C’est par les yeux que l’homme a pu sortir de ses infinies profondeurs de ténèbres. Avec les yeux, l’homme a émergé à la surface de lui-même, a cru voir d’autres hommes, s’est imaginé que sa solitaire toute-puissance lui était contestée par d’autres hommes. […] C’est avec les yeux qu’il s’est mis à s’imaginer qu’il n’était plus seul, à souffrir de solitude et de peur, à pleurer. (AA-138)

Le regard provoque donc une insatisfaction, heurte le désir de relation avec autrui en ce qu’il donne l’illusion que l’Autre est possible d’accès, que le soi ne lui est pas réellement fermé. Dans le langage d’enfant de Bérénice, cette sensation de frustration est appelée peur (AA-287). La solitude, parce qu’elle exclut le contact profond avec l’Autre, prend alors des allures de conflit. Le regard, en faisant prendre conscience du monde, un monde peuplé d’individus, devient le terrain d’une lutte où le désir de communion s’oppose à la certitude que ce désir est vain. Cette lutte se concrétise dans la double manière dont Bérénice éprouve le sentiment esthétique, qui comme nous le verrons plus loin se manifeste tant sur le plan externe (Bérénice en conflit avec ce qui lui est extérieur) que sur le plan interne (Bérénice en conflit avec elle-même)5.
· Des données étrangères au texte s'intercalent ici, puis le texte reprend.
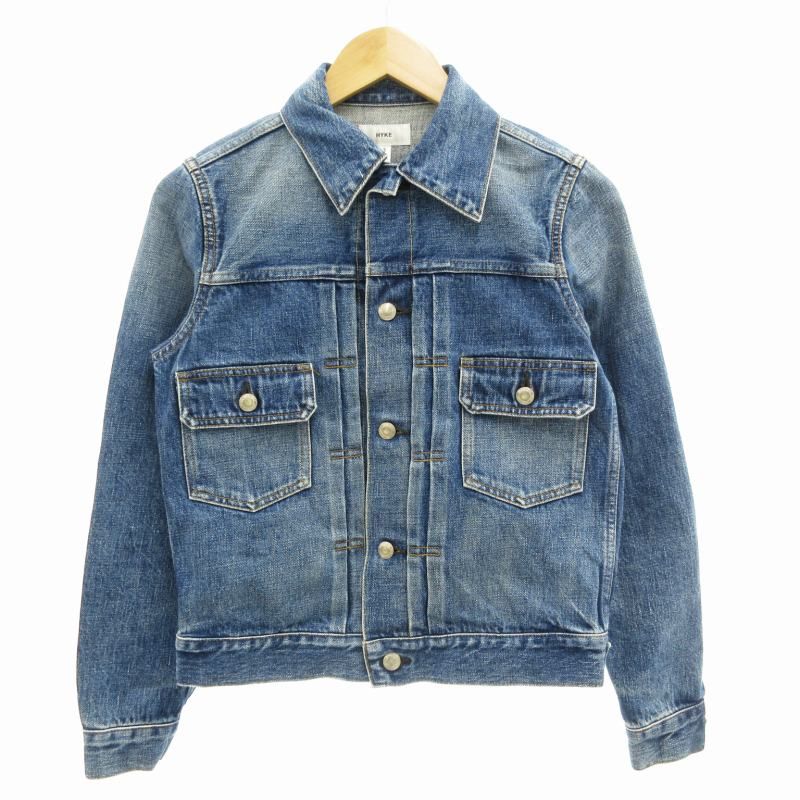 HYKE ハイク デニムジャケット Gジャン サイズ3 ブルー HYKE - HYKE デニムジャケット レディース 3サイズ Mサイズ相当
Le regard de Bérénice est le lieu d’une fascination pour les objets et les êtres. Il est naturellement attiré vers la beauté, et plus particulièrement vers le visage. « Quand je regarde une loutre, un rat, Christian, Constance Chlore, Chat Mort, il n’y a rien d’autre que leur visage que je puisse prendre. » (AA-74) Le visage, partie du corps qui plus que toute autre distingue entre eux les individus, est aussi celle où se trouvent les yeux, siège de la vision. Et ce sont surtout les yeux qui fascinent Bérénice, les yeux des autres, dont la beauté envoûte, hypnotise, et par lesquels on peut avoir l’impression d’accéder à un lieu secret, profondément caché au fond du tunnel de l’âme.

Regardant dans les grands yeux noirs de Constance Chlore, j’aperçois soudain, à la surface de chacun, la réflexion du lumignon et la réflexion de mon visage. Comme un miroir sphérique, les yeux de Constance Chlore déforment mon visage, rapetissent mes yeux déjà trop petits, grossissent mon nez déjà trop gros. Les yeux de Constance Chlore sont comme des tunnels. […] Regarder les yeux de Constance Chlore me fait mal. C’est si… fascinant. Ce n’est pas fascinant, c’est avalant, étouffant, asphyxiant. J’ai dit à Constance Chlore que j’ai envie de la battre, de la tuer. (AA-201)

L’émerveillement pour le regard s’accompagne toutefois de souffrance. Cette souffrance prend racine à même la fascination. En fait, plus exactement, les deux sensations émergent exactement en même temps. Ce phénomène est tout ce qu’il y a de plus ambigu pour Bérénice, qui semble éprouver de la difficulté à interpréter cette double impression d’apaisement et d’inconfort. En effet, elle lance une affirmation – « c’est si… fascinant » – pour la nier tout de suite après – « ce n’est pas fascinant ». Pourtant, si on y regarde attentivement, on se rend compte qu’il n’y a pas de non-sens : tout simplement, les deux affirmations sont vraies. Bérénice éprouve en même temps l’une et l’autre sensations.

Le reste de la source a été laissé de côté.